In 2018 the former White House Chief Strategist, Steve Bannon, announced plans to establish a "gladiator school" for aspiring right-wing politicians in the charterhouse. The Dignitatis Humanae Institute, founded by a European associate of Bannon's named Benjamin Harnwell, was evicted from the charterhouse by the Italian government after it was alleged that rent was not paid and Harnwell had obtained the lease fraudulently. In 2024, an Italian court ruled that the lease had been obtained correctly and all funds had been paid.

==Description==

The abbey is surrounded by a massive line of walls. The entrance has a bust of Saint Bartholomew by Jacopo Lo Duca, a pupil of Michelangelo Buonarroti; this leads to a central square where there is a Romanesque-Gothic guesthouse, commonly known as the "Palace of Innocent III" (including a portico, a terrace and a library of 36,000 volumes), and the church of San Bartolomeo (St. Bartholomew).

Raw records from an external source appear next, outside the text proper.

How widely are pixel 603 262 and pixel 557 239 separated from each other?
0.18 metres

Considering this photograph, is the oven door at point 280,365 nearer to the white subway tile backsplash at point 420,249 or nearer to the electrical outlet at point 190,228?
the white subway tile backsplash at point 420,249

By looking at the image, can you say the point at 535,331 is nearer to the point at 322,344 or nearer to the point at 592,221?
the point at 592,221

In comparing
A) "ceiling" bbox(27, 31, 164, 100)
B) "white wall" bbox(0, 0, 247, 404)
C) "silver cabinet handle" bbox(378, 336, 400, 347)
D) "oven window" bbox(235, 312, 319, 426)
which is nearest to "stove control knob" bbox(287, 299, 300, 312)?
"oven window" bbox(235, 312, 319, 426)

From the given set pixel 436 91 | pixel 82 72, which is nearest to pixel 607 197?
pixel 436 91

==Church of San Bartolomeo==
The church had originally been a tall narrow Gothic-style building, but was largely rebuilt as a Baroque one. The façade (1798) was designed by Paolo Posi. The interior, like other Carthusian churches, is divided by an iconostasis which sheltered the cloistered monks. The canvases depicting St John the Baptist and St Michael Archangel are copies replacing stolen originals. The finely carved door by Giuseppe Kofler is flanked by glass coffins of two martyrs.

There are two wooden choirs; dating from 1564 and 1688, they were both created by Carthusian masters.

The concave ceiling was frescoed with the Glory of Paradise (1683) by Giuseppe Caci. The main altarpiece depicts an Enthroned Madonna and Child with St Bartholomew and St Bruno by Vincenzo Manenti. On the walls are 19th century canvases depicting scenes from the bible with ovals depicting blessed and holy Carthusian monks by Filippo Balbi. There are also altarpieces by Giacomo Manco.

The complex also includes an 18th-century pharmacy, on two levels; it is decorated by trompe-l'œil frescoes and Grotteschi and contemporary furniture. The garden facing the pharmacy was once a botanic garden. The rooms have genre-themed frescoes by Filippo Balbi.